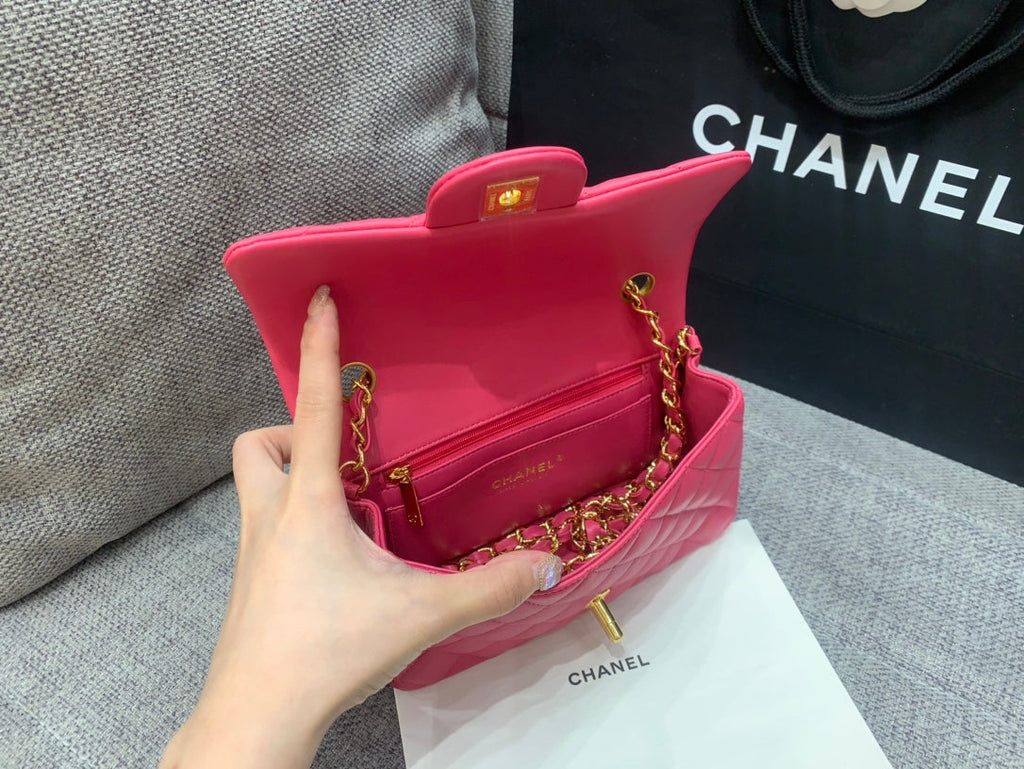 flap bag mini 20cm ruby red lambskin gold hardware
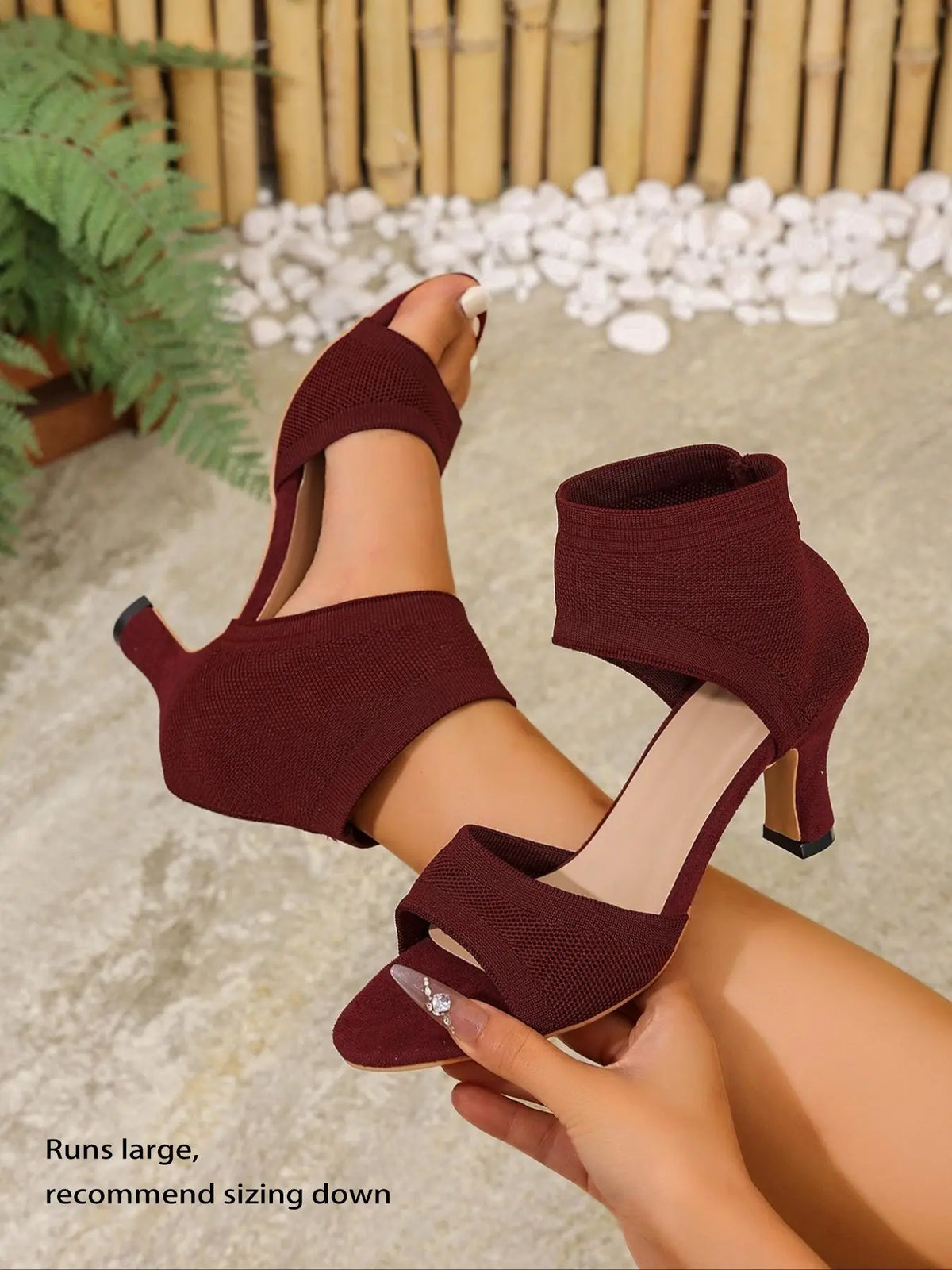 Women's Knit Sandals – Open Toe, Cut-Out, Breathable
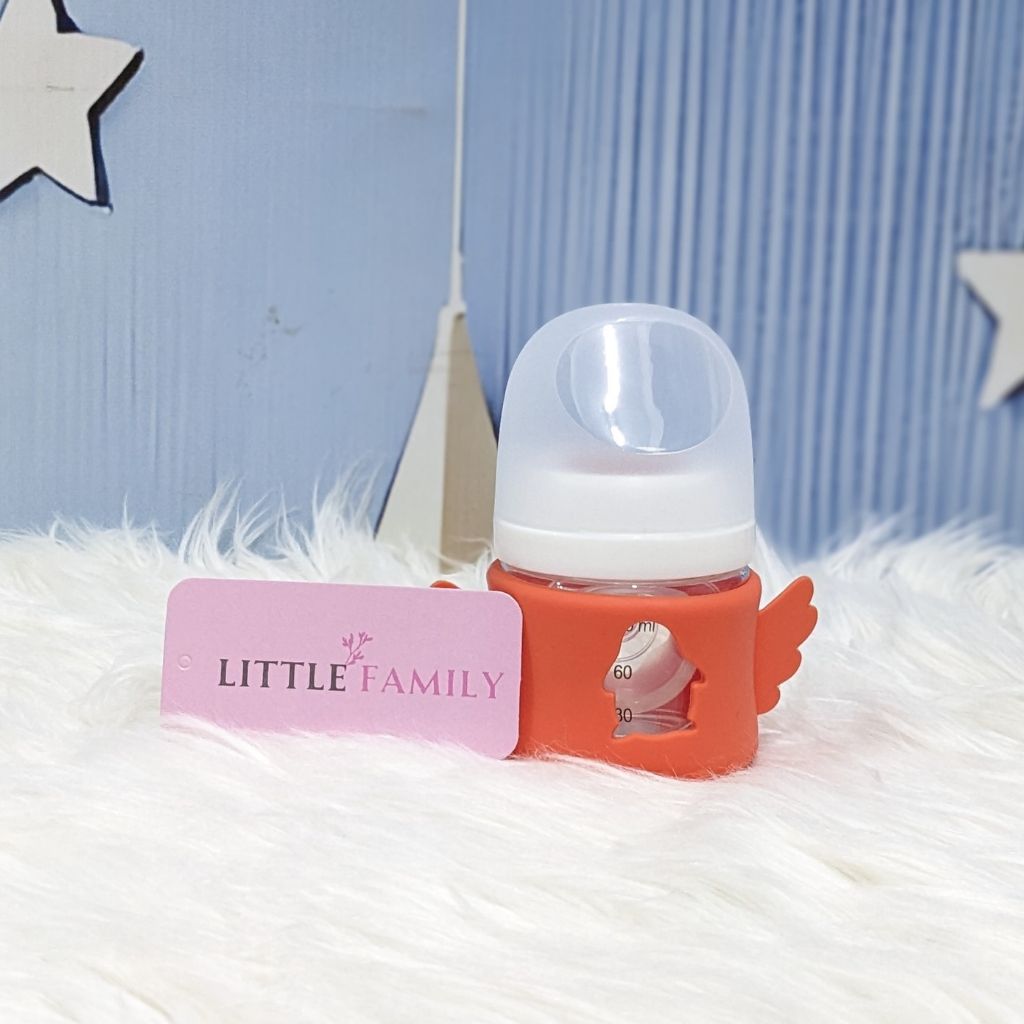 Premium Glass Baby Feeder 3 Oz | Angel Wings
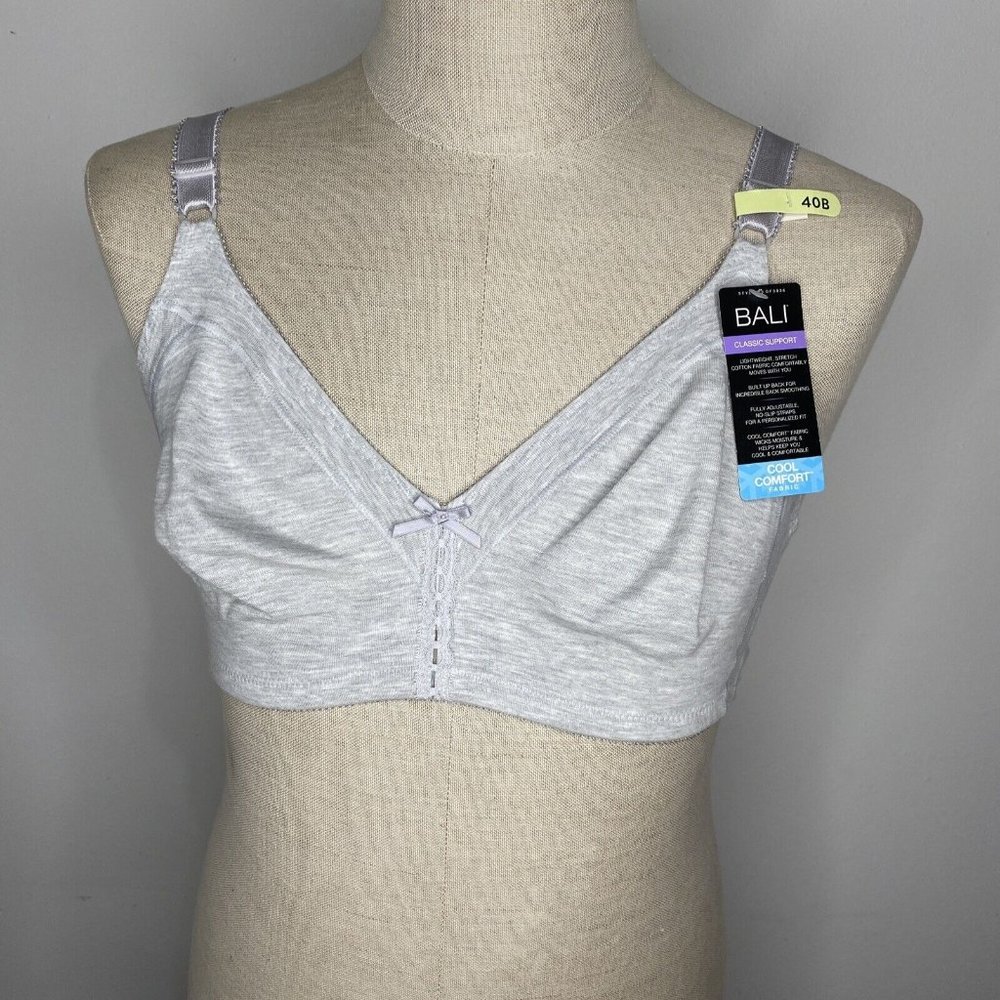 New Bali Bra Sz 40B Grey Full Coverage Lift Cool Comfort Wireless Style DF3036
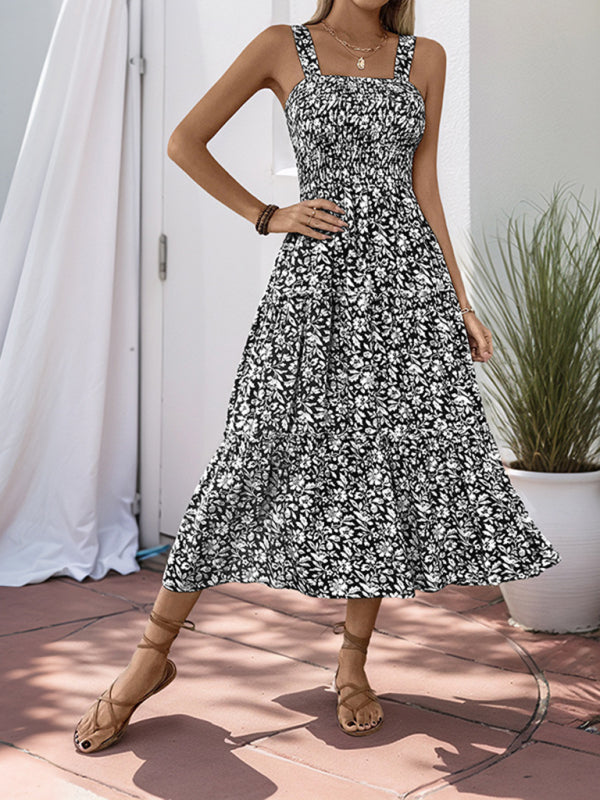 Printed Suspender Midi Dress – Lightweight Rayon, Spring-Summer Style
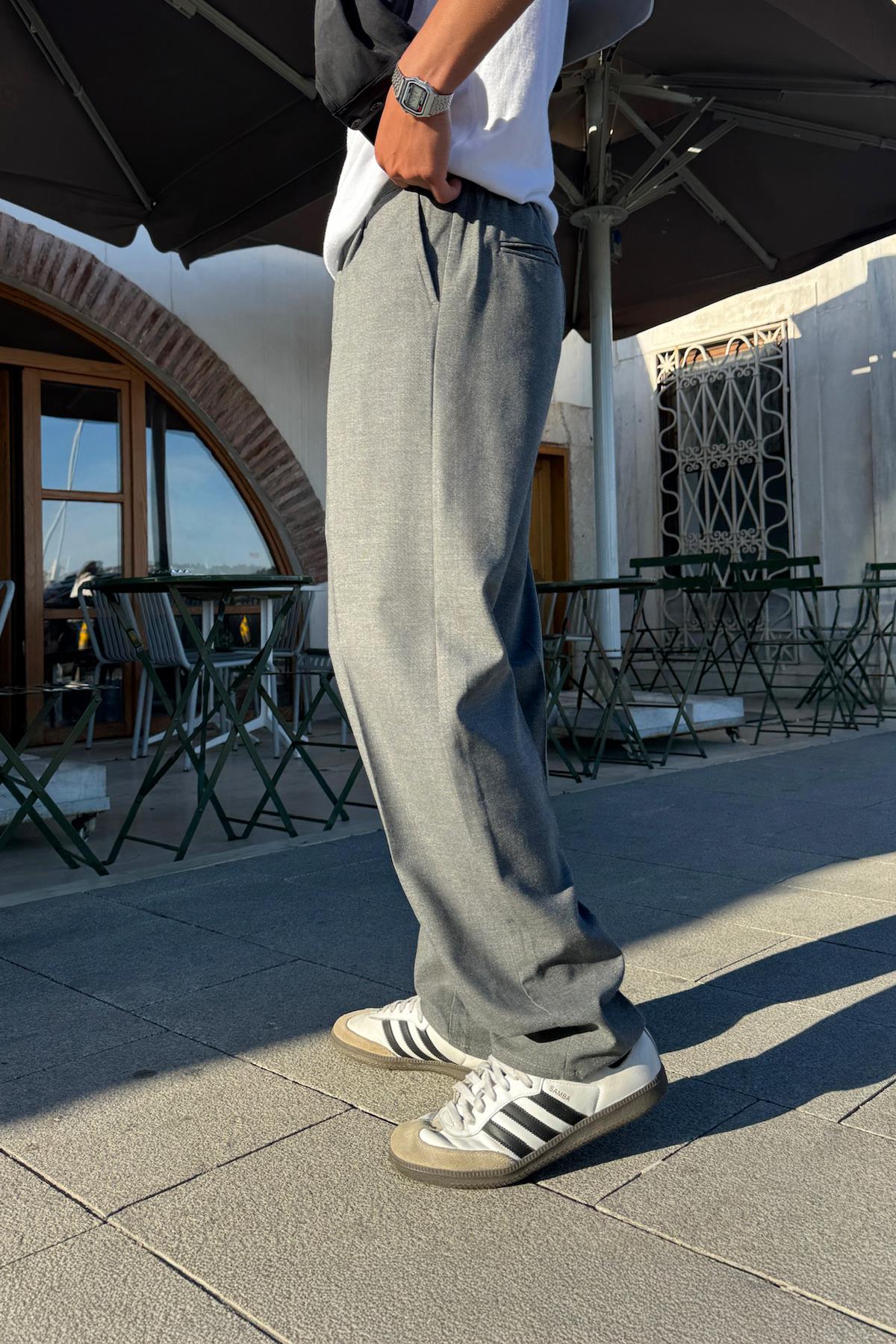 Relax Fit Basic Gri Kumaş Pantolon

→ **Exercise brief**
The answer should contain only the lines from the start of the records above through the line with "New Bali Bra", copied exactly, and no pictures.

→ **Answer area**
 flap bag mini 20cm ruby red lambskin gold hardware
 Women's Knit Sandals – Open Toe, Cut-Out, Breathable
 Premium Glass Baby Feeder 3 Oz | Angel Wings
 New Bali Bra Sz 40B Grey Full Coverage Lift Cool Comfort Wireless Style DF3036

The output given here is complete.